Lagipula, tak semua orang langsung putus asa ketika tahu bahwa sudah tak ada lagi pengobatan yang bisa membantu melawan penyakitnya. Hanya keluarga dan orang terdekatlah yang bisa menilai seberapa kuat jiwa pasien dalam menerima kenyataan yang pahit.
Namun jika orang terkasih Anda benar-benar menolak untuk membicarakan kematian atau bahkan mendengar diagnosis dari dokter, tak perlu dipaksakan.
Apakah pasien tahu bahwa ajalnya sudah mendekat?
Ketika menghadapi penyakit kronis, orang terkasih Anda mungkin sudah punya firasat bahwa saatnya akan tiba. Firasat tersebut muncul secara otomatis, seperti naluri seorang ibu hamil yang akan segera bersalin. Namun, beberapa orang berusaha untuk mengabaikan, menyangkal, atau menutupi munculnya firasat tersebut.

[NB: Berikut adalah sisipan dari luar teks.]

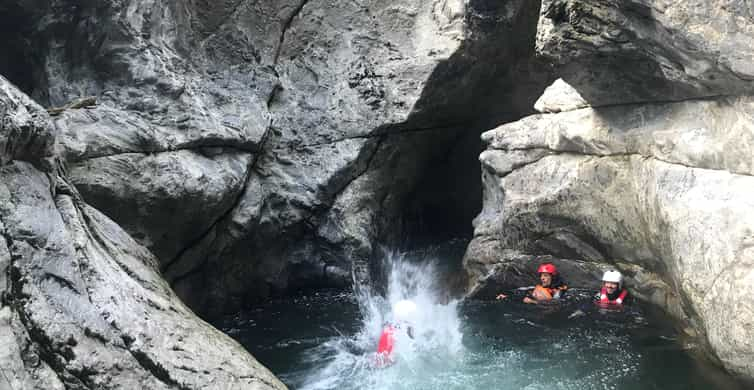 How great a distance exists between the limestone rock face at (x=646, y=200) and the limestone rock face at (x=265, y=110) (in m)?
1.76

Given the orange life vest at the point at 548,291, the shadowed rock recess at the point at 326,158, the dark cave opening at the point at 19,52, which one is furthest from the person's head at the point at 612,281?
Result: the dark cave opening at the point at 19,52

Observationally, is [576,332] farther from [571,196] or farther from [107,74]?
[107,74]

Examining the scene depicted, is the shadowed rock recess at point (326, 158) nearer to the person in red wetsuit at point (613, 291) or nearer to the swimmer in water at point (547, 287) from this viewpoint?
the person in red wetsuit at point (613, 291)

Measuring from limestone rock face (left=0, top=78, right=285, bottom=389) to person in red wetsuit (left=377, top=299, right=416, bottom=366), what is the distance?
10.0 ft

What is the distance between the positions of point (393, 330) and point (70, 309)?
4.61 meters

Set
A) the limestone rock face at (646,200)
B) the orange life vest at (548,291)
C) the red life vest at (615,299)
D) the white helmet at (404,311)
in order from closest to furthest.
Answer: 1. the limestone rock face at (646,200)
2. the red life vest at (615,299)
3. the white helmet at (404,311)
4. the orange life vest at (548,291)

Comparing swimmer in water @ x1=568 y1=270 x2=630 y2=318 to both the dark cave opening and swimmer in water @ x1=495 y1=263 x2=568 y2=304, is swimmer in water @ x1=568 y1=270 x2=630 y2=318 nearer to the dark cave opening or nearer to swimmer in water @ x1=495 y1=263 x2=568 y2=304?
swimmer in water @ x1=495 y1=263 x2=568 y2=304

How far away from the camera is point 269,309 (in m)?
9.49

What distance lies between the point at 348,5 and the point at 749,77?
259 inches

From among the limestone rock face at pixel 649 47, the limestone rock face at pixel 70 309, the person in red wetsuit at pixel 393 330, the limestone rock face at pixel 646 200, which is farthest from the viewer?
the person in red wetsuit at pixel 393 330

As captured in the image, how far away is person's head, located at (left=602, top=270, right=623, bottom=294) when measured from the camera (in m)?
8.05

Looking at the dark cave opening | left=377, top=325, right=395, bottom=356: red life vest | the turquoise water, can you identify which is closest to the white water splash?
the turquoise water

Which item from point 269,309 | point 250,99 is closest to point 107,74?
point 250,99

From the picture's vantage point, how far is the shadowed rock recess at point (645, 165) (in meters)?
5.52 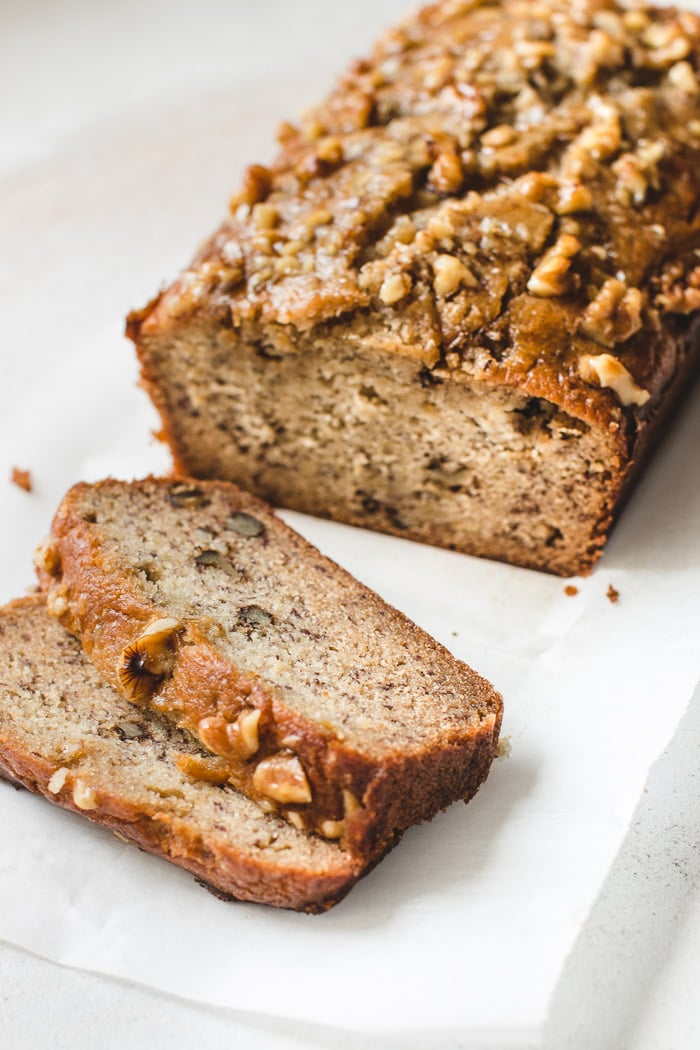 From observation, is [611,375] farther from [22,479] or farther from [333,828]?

Anda harus peka terhadap firasat ini. Misalnya kalau orang terkasih tiba-tiba mengutarakan keinginan untuk pergi ke tempat yang jauh atau ingin bertemu dengan orang-orang tercinta untuk berpamitan.
Bila orang terkasih Anda membahas hal-hal tersebut, jangan malah disangkal dengan bilang misalnya, “Kamu tidak akan pergi ke mana-mana.” Artinya Anda justru mencampakkan perasaan dan kekhawatirannya akan kematian.

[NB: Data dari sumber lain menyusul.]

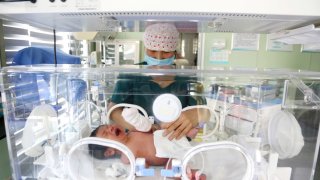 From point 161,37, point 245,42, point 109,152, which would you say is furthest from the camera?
point 245,42

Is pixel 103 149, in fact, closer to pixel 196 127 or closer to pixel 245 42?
pixel 196 127

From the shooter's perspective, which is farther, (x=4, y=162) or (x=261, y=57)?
(x=261, y=57)

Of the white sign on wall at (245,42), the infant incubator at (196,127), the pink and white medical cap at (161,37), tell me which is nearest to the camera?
the infant incubator at (196,127)

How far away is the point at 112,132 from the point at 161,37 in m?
0.40

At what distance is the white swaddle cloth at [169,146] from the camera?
0.64 m

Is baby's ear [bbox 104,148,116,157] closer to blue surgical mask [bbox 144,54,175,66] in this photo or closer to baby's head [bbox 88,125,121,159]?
baby's head [bbox 88,125,121,159]

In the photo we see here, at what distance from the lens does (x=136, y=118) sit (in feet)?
2.19

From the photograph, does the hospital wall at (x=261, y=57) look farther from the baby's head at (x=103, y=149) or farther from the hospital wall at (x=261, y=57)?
the baby's head at (x=103, y=149)

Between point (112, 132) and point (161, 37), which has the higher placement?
point (161, 37)

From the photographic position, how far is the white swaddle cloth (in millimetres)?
641

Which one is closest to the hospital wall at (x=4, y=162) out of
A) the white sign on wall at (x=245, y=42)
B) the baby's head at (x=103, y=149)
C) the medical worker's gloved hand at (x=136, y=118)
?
the baby's head at (x=103, y=149)

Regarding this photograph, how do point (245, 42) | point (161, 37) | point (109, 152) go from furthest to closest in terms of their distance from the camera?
point (245, 42)
point (161, 37)
point (109, 152)

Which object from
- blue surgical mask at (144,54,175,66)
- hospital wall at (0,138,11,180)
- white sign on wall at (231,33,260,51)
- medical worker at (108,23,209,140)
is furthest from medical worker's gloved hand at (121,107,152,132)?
white sign on wall at (231,33,260,51)

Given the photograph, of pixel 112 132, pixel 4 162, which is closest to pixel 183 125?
pixel 112 132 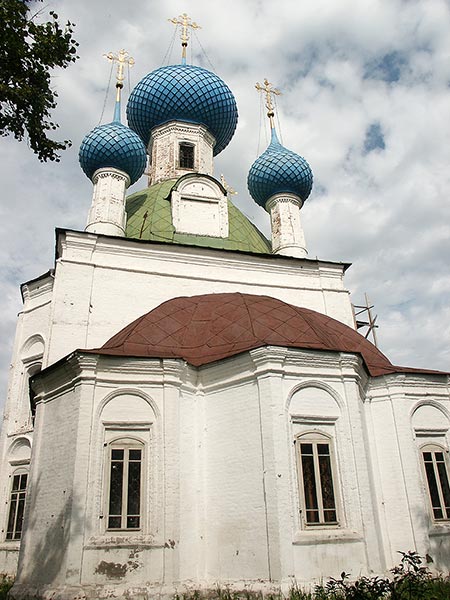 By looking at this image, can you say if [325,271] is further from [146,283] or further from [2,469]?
[2,469]

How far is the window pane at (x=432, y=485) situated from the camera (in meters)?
8.00

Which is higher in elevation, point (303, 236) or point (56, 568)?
point (303, 236)

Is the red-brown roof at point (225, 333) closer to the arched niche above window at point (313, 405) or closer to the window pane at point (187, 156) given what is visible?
the arched niche above window at point (313, 405)

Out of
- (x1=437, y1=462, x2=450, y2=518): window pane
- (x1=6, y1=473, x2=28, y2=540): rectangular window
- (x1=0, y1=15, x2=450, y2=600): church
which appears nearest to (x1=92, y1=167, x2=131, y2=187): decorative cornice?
(x1=0, y1=15, x2=450, y2=600): church

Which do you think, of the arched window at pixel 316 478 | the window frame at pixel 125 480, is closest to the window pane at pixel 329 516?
the arched window at pixel 316 478

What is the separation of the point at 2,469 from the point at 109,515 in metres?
4.50

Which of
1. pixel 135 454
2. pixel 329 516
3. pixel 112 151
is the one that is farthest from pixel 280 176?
pixel 329 516

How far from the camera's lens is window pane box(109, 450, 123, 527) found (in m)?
6.76

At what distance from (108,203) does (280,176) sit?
182 inches

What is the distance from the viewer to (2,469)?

Sebaliknya, tunjukkan kasih sayang dan kepedulian Anda dengan bertanya seperti, “Kenapa kamu bilang begitu? Apa yang kamu rasakan sekarang?”. Dengarkan baik-baik curahan hatinya, meskipun sekarang Anda tidak begitu paham apa maksudnya.
Tanpa disadari, orang yang sudah mendekati ajal sering kali justru ingin membicarakan kematiannya, tapi takut membuat orang-orang di sekitarnya bersedih. Jadi, jangan takut untuk mendiskusikan hasil diagnosis dokter hingga membicarakan kematian dengan pasien penyakit kronis.